Außenminister Sebastian Kurz (ÖVP) warnt davor sich in der Flüchtlingsfrage auf einen Deal mit der Türkei zu verlassen. Wenn man das tue, begebe man sich "in eine gefährliche Abhängigkeit", so Kurz im Ö1-Morgenjournal. Er räumte ein, dass der Deal zusammen mit der Schließung der Westbalkan-Route "für einen gewissen Rückgang der Flüchtlingszahlen" gesorgt habe.

Allerdings könne es "jederzeit passieren, dass die Türkei die Lust auf eine Kooperation verliert", so Kurz im Morgenjournal. Gegenüber dem deutschen Magazin "Spiegel" bezeichnete Kurz den EU-Türkei-Flüchtlingspakt als "Plan B". Der "Plan A" müsse "ein starkes Europa sein, das bereit ist, seine Außengrenzen selbst zu schützen". Die Grundwerte Europas seien "nicht verhandelbar." Kurz forderte den "gemeinschaftlichen Schutz der Außengrenzen" und humanitäre Hilfe an Ort und Stelle. Europa und nicht die Schlepper sollten "entscheiden, wen wir aufnehmen. Wer illegal einreisen will, hat seine Chance verwirkt."

Staaten wie Deutschland und Österreich könnten die Ärmsten aufnehmen, so Kurz im "Spiegel". Doch: "Wir müssen nicht jemandem, der in Lesbos ankommt, gleich einräumen, dass er eine Wohnung in Berlin beziehen kann." Er spreche als Integrationsminister mit vielen Flüchtlingen, sagte Kurz. "Wenn ich frage, ob sie auch gekommen wären mit der Aussicht, in Griechenland oder Polen zu leben, antworten die meisten Nein."

"Die Türkei muss liefern"

Der deutsche Justizminister Heiko Maas (SPD) hat im Umgang mit der türkischen Führung bei der Bewältigung der Flüchtlingskrise für eine konsequente Haltung plädiert. Bei der angestrebten Visafreiheit für Türken in der EU werde Präsident Recep Tayyip Erdogan an seinen Taten gemessen, sagte Maas der "Neuen Osnabrücker Zeitung" vom Samstag.

"Die Türkei muss liefern, denn es gibt klare Voraussetzungen für die Visafreiheit, die bisher nicht erfüllt sind." "Wir werden uns nicht erpressen lassen", sagte Maas vor dem Hintergrund des zwischen der EU und der Türkei ausgehandelten Abkommens zur Flüchtlingsrücknahme. "Da kann Herr Erdogan so viel poltern, wie er will." Zudem sei anzunehmen, dass sich Schutzsuchende Ausweichrouten suchen werden, um nach Europa zu gelangen. "Wir müssen uns vorbereiten mit einer verantwortungsvollen Politik", sagte Maas dazu. "Dabei sollten wir uns nicht allein auf das Abkommen mit der Türkei verlassen."

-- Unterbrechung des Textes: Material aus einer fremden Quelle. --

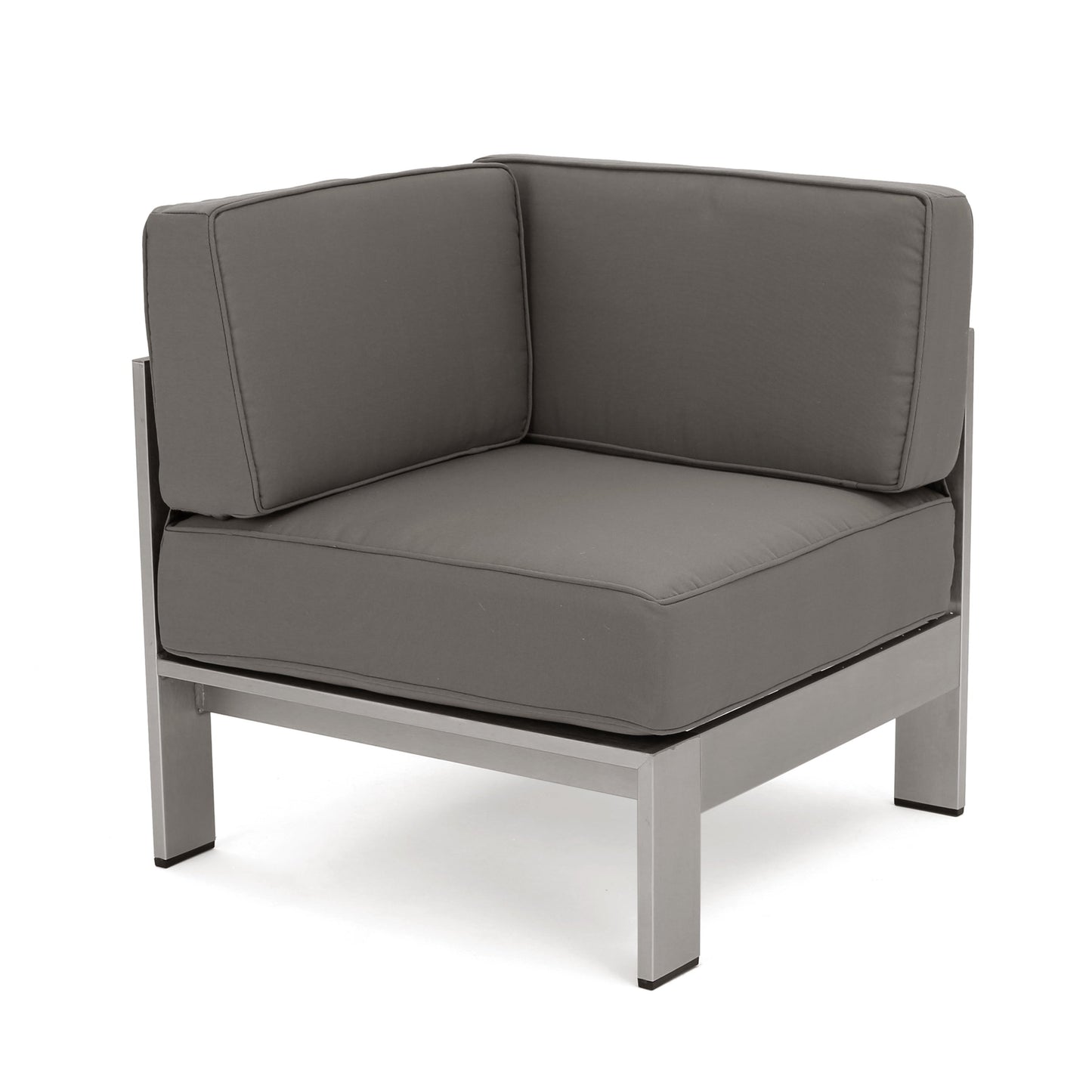 Cape Coral Outdoor 5-Seater V-Shape Aluminum Sectional Sofa Set with Ottoman by Christopher Knight Home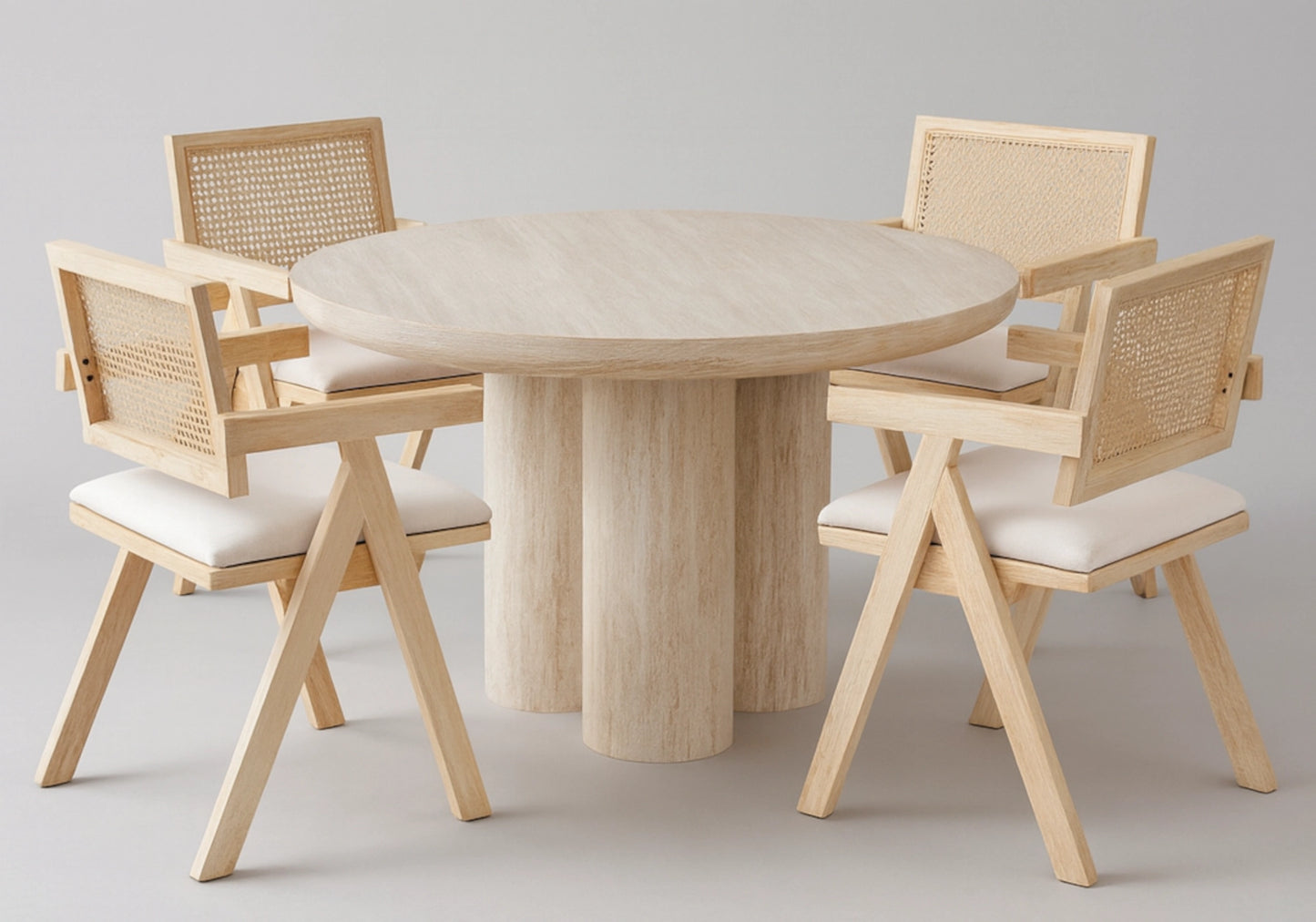 Table à manger ronde effet travertin - LUMIA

Die geplante Visafreiheit zwischen der Türkei und der EU ist ein immenser Streitpunkt. Sie sollte eigentlich im Juni in Kraft treten, eine Voraussetzung dafür ist aber eine Änderung der türkischen Anti-Terror-Gesetze, was Erdogan ablehnt. Die türkische Führung drohte ihrerseits bereits mehrfach damit, das ausgehandelte Flüchtlingsabkommen platzen zu lassen, sollte die EU ihre Zusagen unter anderem bei der Visafreiheit nicht einhalten.